- Data extracts

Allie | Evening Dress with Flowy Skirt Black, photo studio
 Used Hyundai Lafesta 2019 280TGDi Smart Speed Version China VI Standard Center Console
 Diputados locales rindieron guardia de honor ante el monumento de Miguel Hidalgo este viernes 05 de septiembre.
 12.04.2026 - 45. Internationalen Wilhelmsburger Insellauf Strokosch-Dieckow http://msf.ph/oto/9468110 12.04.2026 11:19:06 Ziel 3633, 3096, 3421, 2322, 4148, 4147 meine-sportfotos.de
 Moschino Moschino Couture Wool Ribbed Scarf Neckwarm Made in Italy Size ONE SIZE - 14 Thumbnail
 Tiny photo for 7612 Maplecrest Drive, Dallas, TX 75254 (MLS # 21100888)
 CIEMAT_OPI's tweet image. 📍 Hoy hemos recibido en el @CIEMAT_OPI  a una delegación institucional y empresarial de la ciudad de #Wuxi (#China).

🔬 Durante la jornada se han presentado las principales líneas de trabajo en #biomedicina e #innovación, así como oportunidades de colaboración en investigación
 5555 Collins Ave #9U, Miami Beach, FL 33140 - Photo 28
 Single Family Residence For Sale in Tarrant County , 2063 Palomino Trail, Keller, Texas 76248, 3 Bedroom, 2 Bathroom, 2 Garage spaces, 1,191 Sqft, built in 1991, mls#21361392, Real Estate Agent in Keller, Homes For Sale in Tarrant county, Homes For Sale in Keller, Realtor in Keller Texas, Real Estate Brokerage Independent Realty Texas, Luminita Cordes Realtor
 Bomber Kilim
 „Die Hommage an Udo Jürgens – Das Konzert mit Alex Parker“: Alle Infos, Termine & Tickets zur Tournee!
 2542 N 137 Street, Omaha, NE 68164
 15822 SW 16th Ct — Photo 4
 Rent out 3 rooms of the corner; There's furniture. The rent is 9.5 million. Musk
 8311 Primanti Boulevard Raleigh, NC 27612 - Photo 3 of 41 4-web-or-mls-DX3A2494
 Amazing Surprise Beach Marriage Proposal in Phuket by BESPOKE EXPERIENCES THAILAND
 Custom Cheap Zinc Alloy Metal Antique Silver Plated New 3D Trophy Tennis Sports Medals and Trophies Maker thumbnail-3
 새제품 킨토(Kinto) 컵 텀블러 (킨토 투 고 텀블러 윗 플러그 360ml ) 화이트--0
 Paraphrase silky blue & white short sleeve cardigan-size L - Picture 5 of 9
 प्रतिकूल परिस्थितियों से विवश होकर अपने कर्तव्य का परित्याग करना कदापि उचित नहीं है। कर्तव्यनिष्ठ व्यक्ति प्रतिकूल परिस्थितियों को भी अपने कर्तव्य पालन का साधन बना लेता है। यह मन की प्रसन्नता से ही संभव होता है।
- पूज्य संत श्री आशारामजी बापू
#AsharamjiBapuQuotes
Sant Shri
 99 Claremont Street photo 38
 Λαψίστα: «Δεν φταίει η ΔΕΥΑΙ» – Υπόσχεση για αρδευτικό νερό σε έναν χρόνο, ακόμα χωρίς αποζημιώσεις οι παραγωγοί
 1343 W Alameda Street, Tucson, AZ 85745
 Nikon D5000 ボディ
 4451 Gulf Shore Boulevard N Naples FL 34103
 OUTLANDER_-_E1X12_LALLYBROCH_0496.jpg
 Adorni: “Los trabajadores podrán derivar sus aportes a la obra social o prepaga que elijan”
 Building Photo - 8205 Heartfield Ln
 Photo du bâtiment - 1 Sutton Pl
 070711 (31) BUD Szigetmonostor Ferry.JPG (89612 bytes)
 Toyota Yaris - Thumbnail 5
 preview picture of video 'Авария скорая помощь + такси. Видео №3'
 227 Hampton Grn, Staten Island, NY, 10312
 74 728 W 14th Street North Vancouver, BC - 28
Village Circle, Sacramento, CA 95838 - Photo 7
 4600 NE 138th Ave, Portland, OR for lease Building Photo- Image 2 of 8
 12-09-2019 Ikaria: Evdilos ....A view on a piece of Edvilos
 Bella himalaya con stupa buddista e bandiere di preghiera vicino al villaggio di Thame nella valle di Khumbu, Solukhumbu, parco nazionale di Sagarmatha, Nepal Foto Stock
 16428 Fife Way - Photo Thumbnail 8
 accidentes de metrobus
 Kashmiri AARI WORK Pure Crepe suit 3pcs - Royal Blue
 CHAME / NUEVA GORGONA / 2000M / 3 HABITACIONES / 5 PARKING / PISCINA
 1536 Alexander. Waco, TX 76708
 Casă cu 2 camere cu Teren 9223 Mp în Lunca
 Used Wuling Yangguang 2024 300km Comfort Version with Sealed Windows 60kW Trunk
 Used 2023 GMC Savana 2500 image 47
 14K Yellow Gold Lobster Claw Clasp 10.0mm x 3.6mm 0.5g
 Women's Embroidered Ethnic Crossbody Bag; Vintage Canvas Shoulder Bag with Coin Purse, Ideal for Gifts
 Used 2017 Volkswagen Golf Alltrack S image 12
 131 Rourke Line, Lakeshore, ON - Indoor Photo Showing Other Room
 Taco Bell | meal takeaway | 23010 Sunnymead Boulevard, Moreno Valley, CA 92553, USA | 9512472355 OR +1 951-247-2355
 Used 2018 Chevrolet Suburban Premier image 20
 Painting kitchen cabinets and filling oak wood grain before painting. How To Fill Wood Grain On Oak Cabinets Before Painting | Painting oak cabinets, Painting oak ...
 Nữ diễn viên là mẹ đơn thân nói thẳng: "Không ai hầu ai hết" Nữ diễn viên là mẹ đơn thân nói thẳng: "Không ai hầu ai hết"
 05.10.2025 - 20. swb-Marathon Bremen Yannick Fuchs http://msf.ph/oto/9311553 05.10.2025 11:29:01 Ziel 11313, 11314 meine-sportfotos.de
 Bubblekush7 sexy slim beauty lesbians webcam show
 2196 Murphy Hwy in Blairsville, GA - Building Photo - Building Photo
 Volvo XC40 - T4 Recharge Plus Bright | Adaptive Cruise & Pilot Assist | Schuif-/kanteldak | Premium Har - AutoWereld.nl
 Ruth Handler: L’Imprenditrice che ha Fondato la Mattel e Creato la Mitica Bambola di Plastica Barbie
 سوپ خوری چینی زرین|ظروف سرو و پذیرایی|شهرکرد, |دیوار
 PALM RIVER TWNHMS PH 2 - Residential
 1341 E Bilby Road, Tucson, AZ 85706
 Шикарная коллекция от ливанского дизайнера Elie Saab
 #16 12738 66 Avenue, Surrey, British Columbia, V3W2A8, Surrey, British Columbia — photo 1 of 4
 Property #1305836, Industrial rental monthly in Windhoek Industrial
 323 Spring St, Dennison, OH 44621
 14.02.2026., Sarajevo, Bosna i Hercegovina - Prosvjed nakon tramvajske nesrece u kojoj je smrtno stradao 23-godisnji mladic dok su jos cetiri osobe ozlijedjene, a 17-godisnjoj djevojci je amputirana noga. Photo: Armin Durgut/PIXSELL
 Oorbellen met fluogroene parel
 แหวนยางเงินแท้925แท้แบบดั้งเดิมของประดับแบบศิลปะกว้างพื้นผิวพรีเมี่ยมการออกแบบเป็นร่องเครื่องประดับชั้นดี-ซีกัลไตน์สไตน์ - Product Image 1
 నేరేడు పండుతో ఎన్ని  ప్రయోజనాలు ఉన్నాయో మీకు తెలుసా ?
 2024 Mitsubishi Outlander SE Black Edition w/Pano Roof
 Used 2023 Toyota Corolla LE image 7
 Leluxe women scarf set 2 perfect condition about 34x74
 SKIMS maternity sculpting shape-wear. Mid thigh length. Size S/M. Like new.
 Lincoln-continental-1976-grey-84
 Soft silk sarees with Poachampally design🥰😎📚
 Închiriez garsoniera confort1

- Required work
Scan the data above and report each line in which "with" is present.

- Completed exercise
Allie | Evening Dress with Flowy Skirt Black, photo studio
 Used Wuling Yangguang 2024 300km Comfort Version with Sealed Windows 60kW Trunk
 Women's Embroidered Ethnic Crossbody Bag; Vintage Canvas Shoulder Bag with Coin Purse, Ideal for Gifts
 Soft silk sarees with Poachampally design🥰😎📚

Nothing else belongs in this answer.